Data Core, Fred Hutchinson Cancer Center, Seattle, WA, USA.
Bioinformatics Graduate Program, University of Michigan, Ann Arbor, MI, USA.
Cell Rep Methods. 2023 Nov 20;3(11):100639. doi: 10.1016/j.crmeth.2023.100639. Epub 2023 Nov 7.

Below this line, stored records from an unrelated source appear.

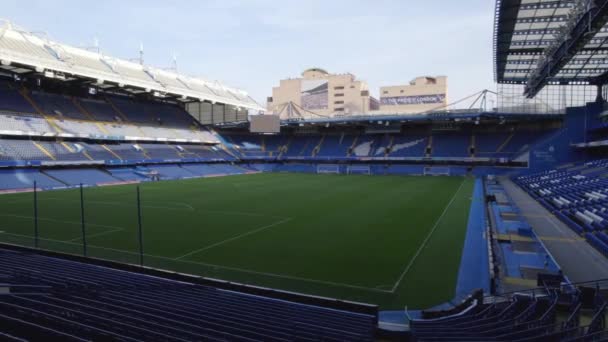 Strzał Niskiego Lotu Nad Siedziskiem Stamford Bridge Chelsea Football Club — Wideo stockowe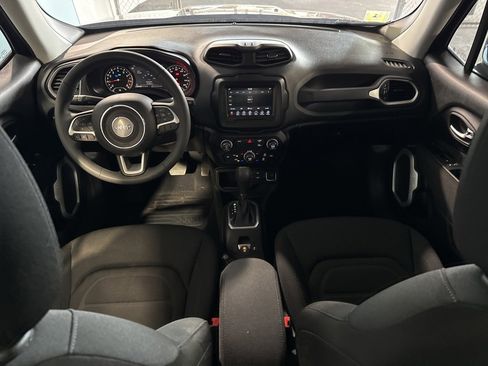 Used 2021 Jeep Renegade Latitude image 31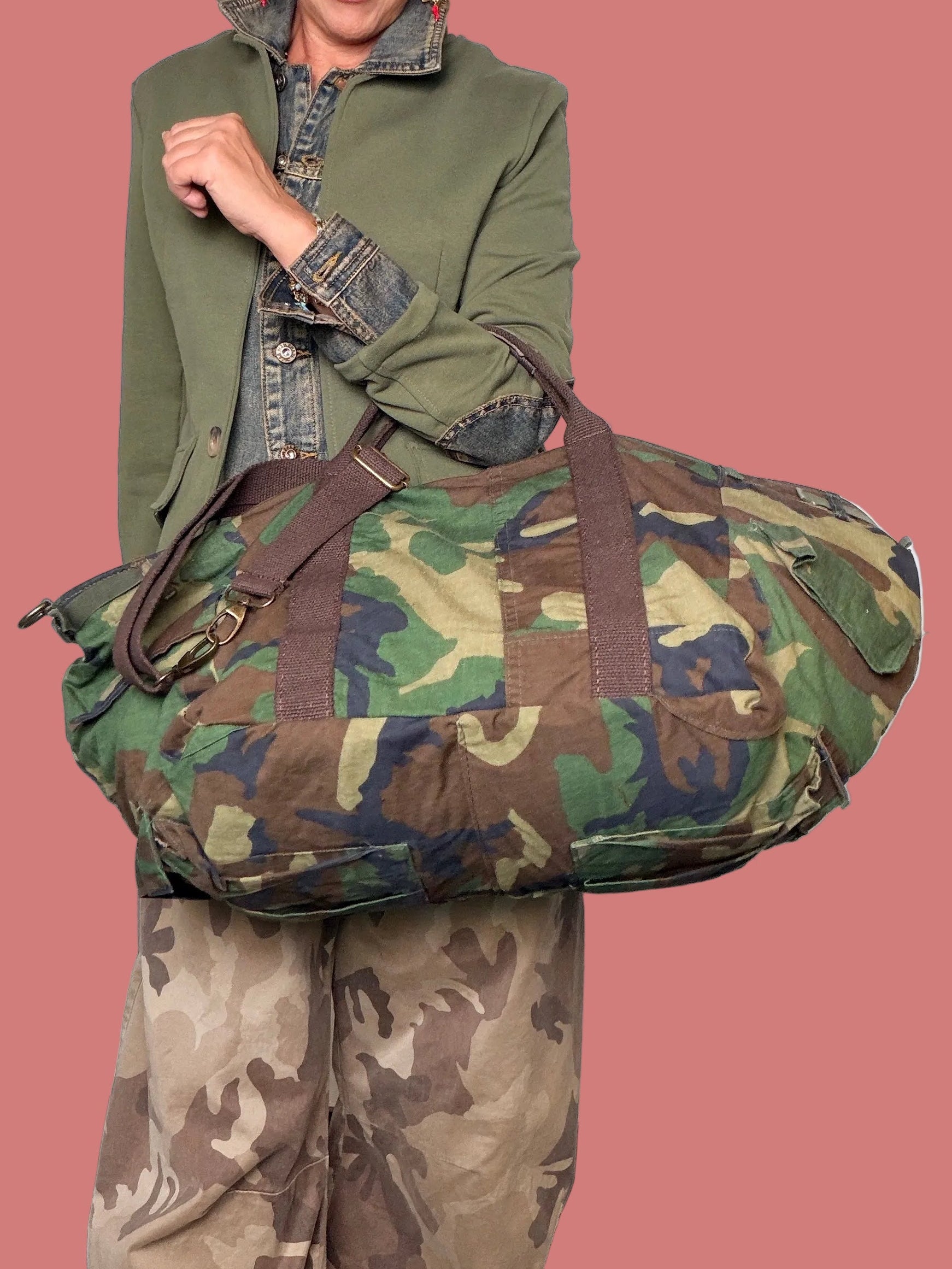 Vista posteriore del borsone camouflage verde e marrone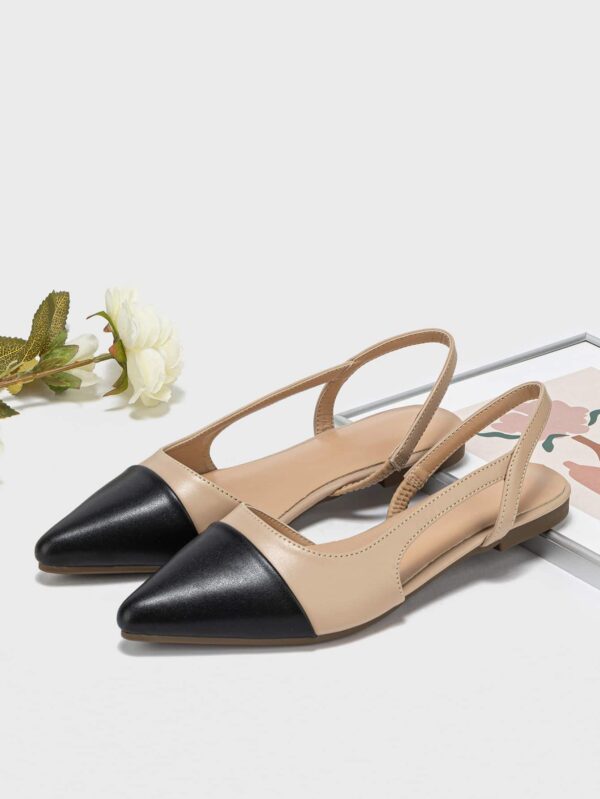 Zapatos Planos de Cuero Suave con Punta Puntiaguda y Diseño Bicolor - Image 3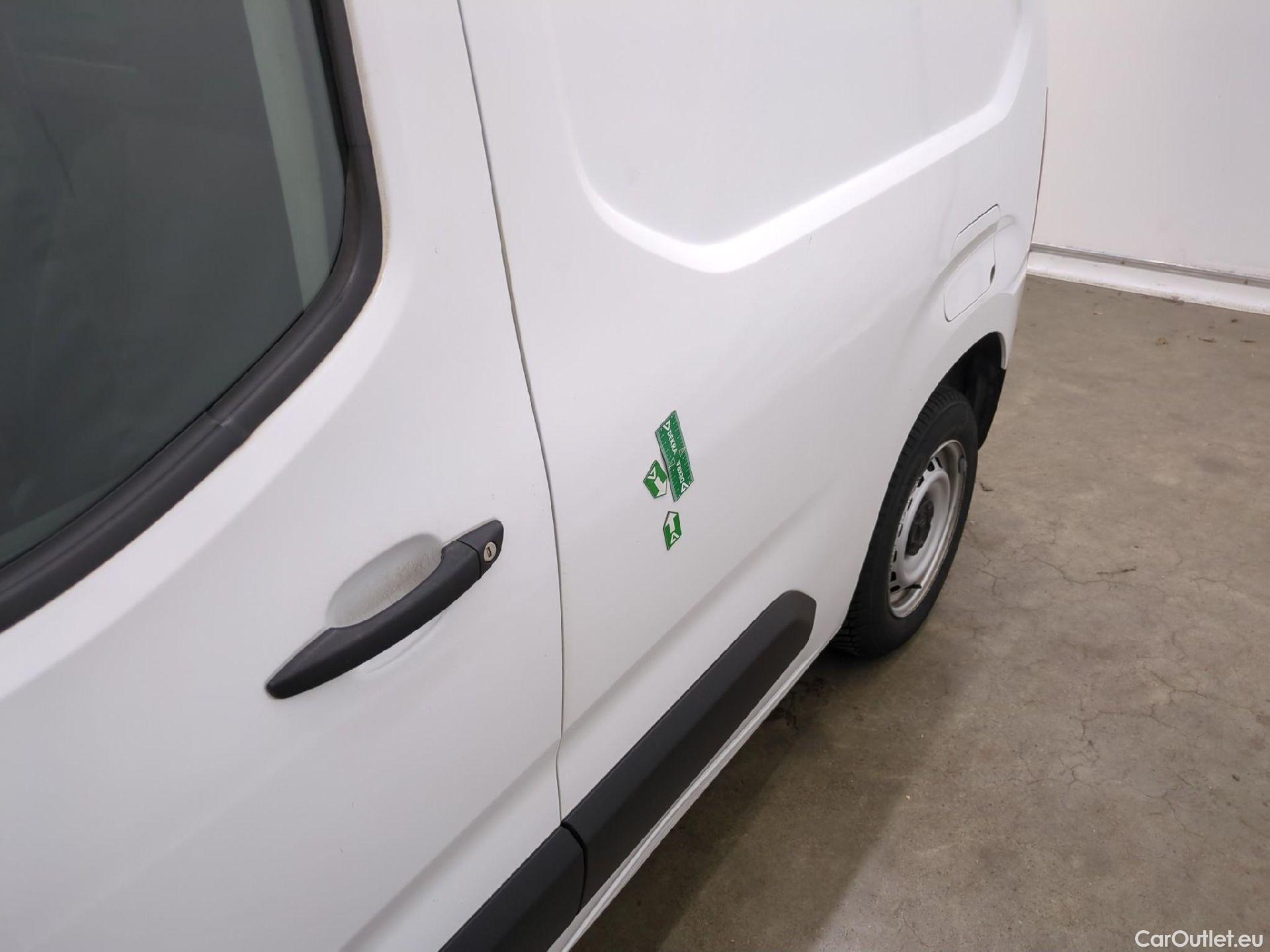  Citroen  Berlingo  Fourgon Club M 650 1.5 BlueHDi 100CV BVM5 E6dT #34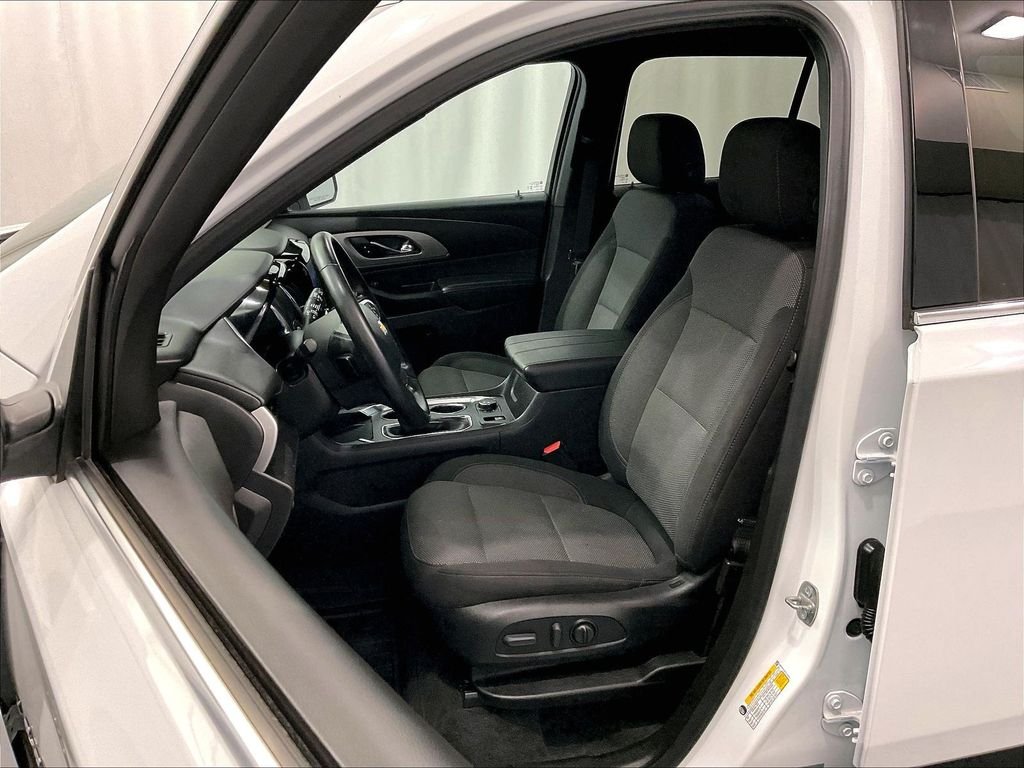 Used 2023 Summit White Chevrolet LT image 10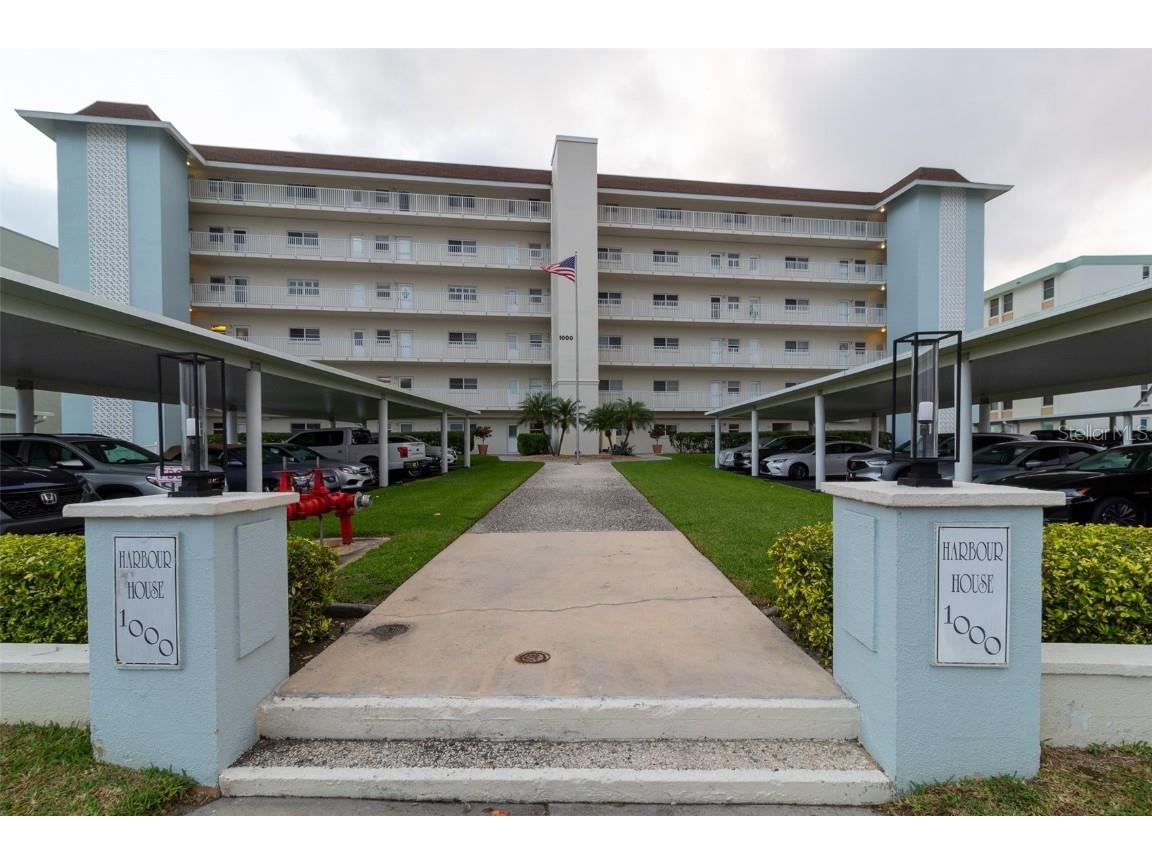 1000 Tarpon Center Drive #404 Venice FL 34285 D6129571 image1
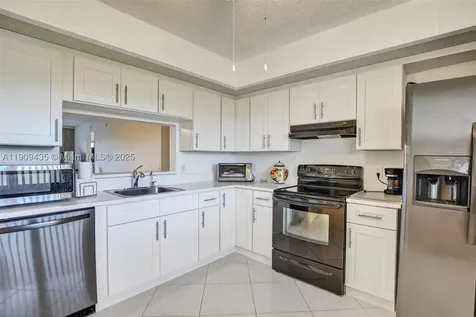 13105 SW 16th Court Pembroke Pines FL 33027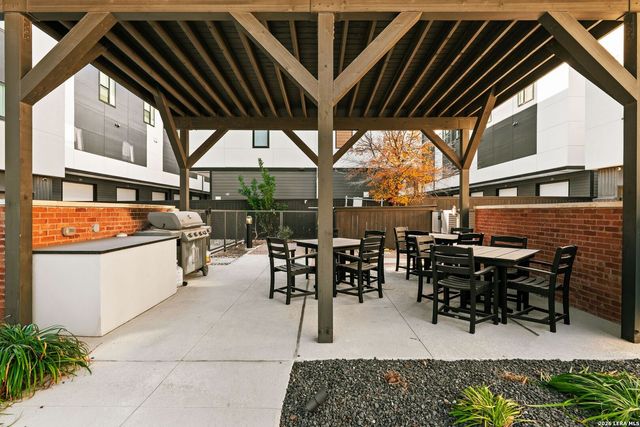 318 W Grayson St Unit 404, San Antonio, TX 78212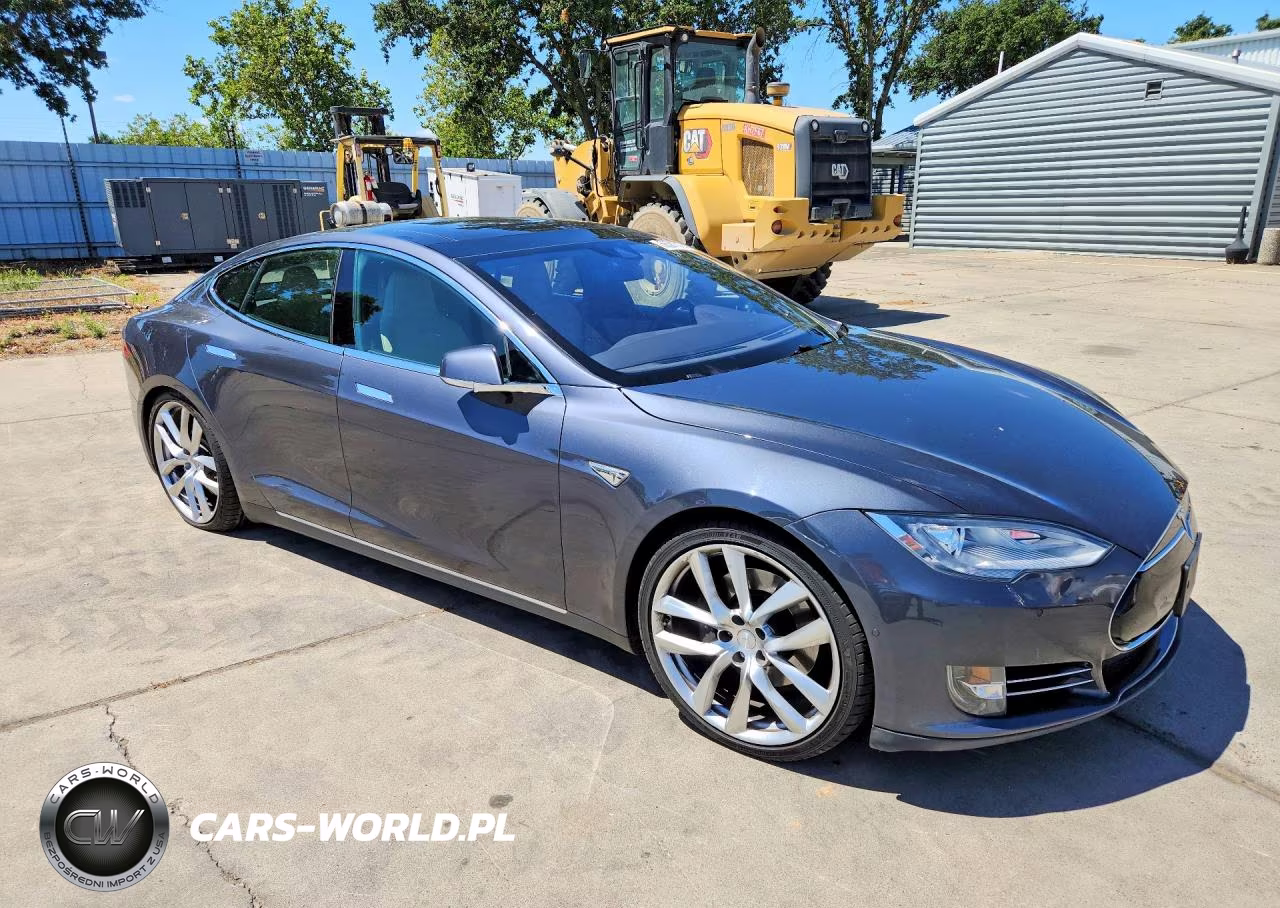 2015 Tesla Model S VIN:5YJSA1E29FF119696 - 4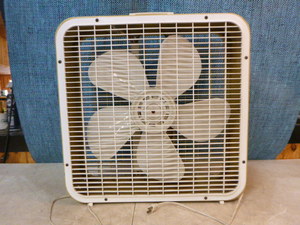 lot 166 image: JC Penney Box Fan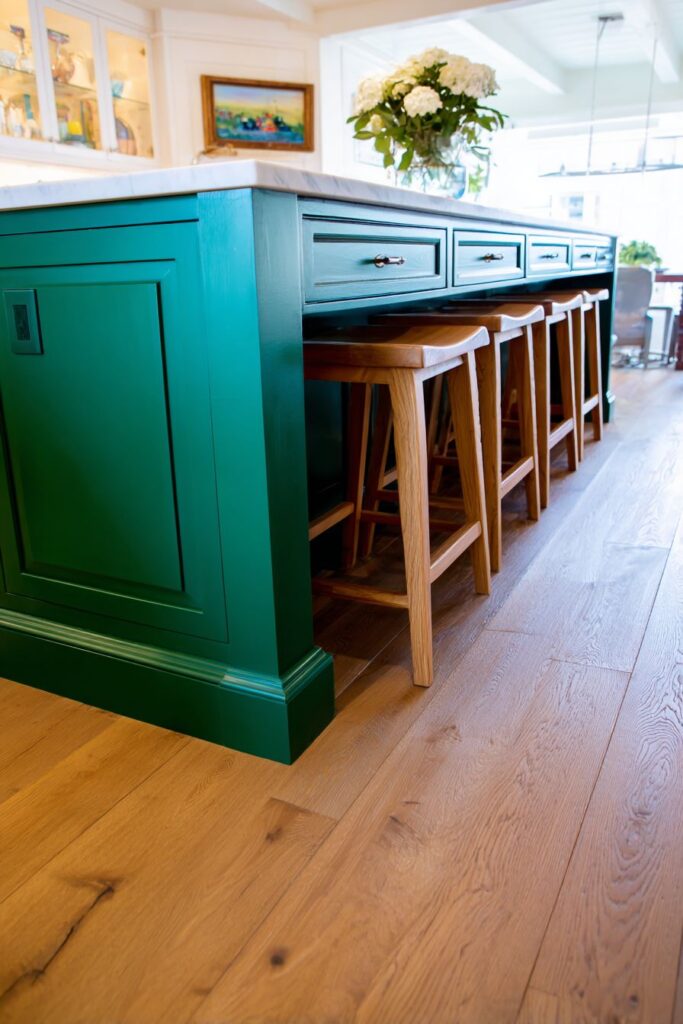 Emerald Green Island Centerpiece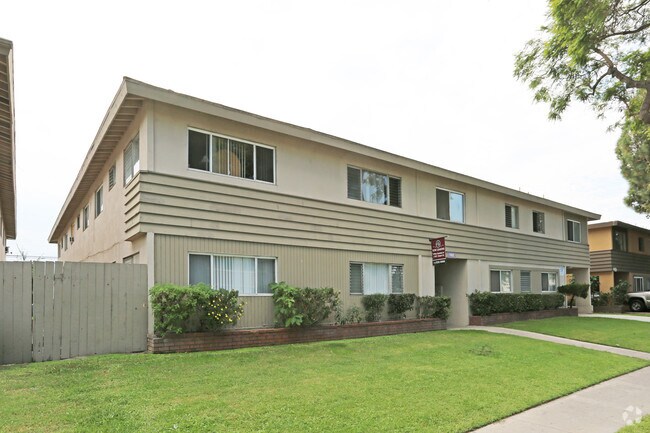 Foto del edificio - 11802 Stuart Dr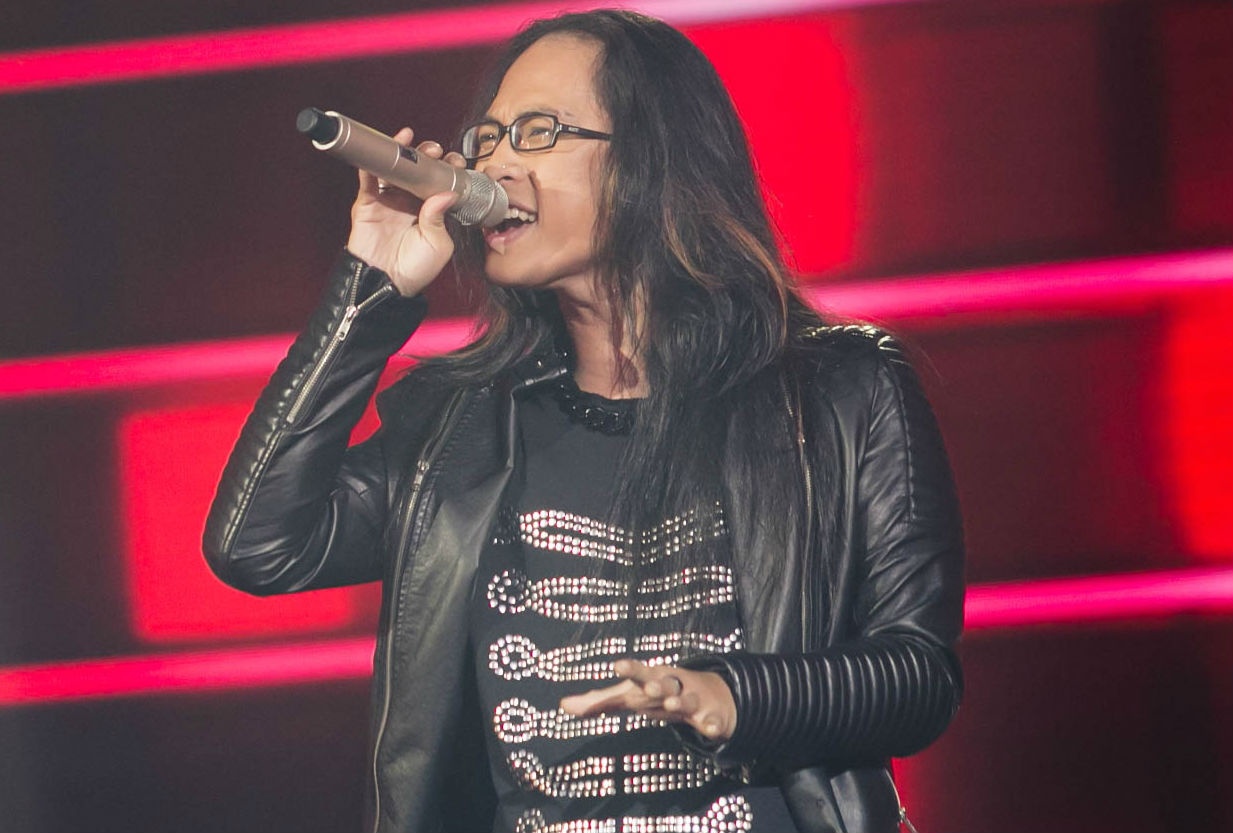 Hoang Trong Nghia hat It's My Life hinh anh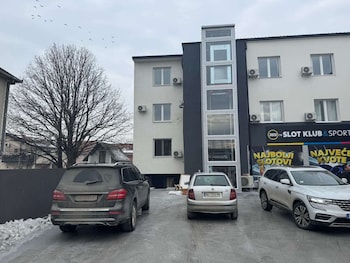 sky vista hotel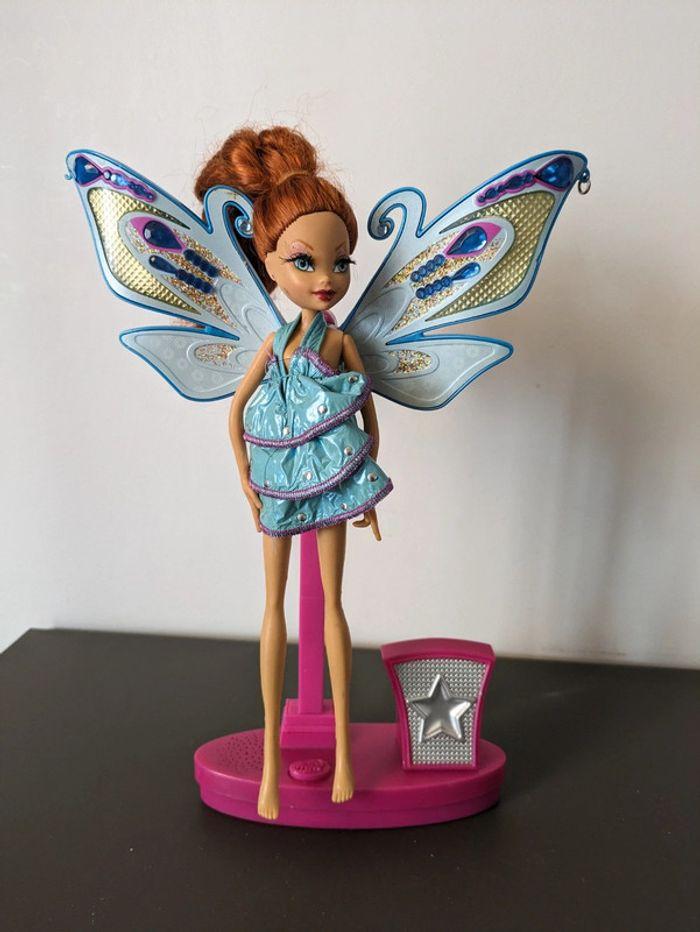 Poupée Winx Club Mattel Bloom Sing and N Sparkle - photo numéro 1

For studies using microbiome data, the ability to robustly combine data from technically and biologically distinct microbiome studies is a crucial means of supporting more robust and clinically relevant inferences. Formidable technical challenges arise when attempting to combine data from technically diverse 16S rRNA gene variable region amplicon sequencing (16S) studies. Closed operational taxonomic units and taxonomy are criticized as being heavily dependent upon reference sets and with limited precision relative to the underlying biology. Phylogenetic placement has been demonstrated to be a promising taxonomy-free manner of harmonizing microbiome data, but it has lacked a validated count-based feature suitable for use in machine learning and association studies. Here we introduce a phylogenetic-placement-based, taxonomy-independent, compositional feature of microbiota: phylotypes. Phylotypes were predictive of clinical outcomes such as obesity or pre-term birth on technically diverse independent validation sets harmonized post hoc. Thus, phylotypes enable the rigorous cross-validation of 16S-based clinical prognostic models and associative microbiome studies.
对于使用微生物组数据的研究来说,稳健地组合来自技术和生物学上不同的微生物组研究的数据是支持更稳健和更具临床相关性推断的关键手段。当试图组合来自技术多样化的 16S rRNA 基因可变区扩增子测序(16S)研究的数据时,会出现令人生畏的技术挑战。封闭的操作分类单元和分类法被批评为严重依赖参考集,并且相对于基础生物学而言精度有限。系统发育定位已被证明是一种有前途的无分类学方法,可以协调微生物组数据,但它缺乏经过验证的基于计数的特征,不适合用于机器学习和关联研究。在这里,我们介绍一种基于系统发育定位、独立于分类学的微生物组组成特征:菌群。在技术上多样化的独立验证集上进行事后协调后,菌群可以预测肥胖或早产等临床结果。因此,菌群可以严格地对基于 16S 的临床预后模型和关联微生物组研究进行交叉验证。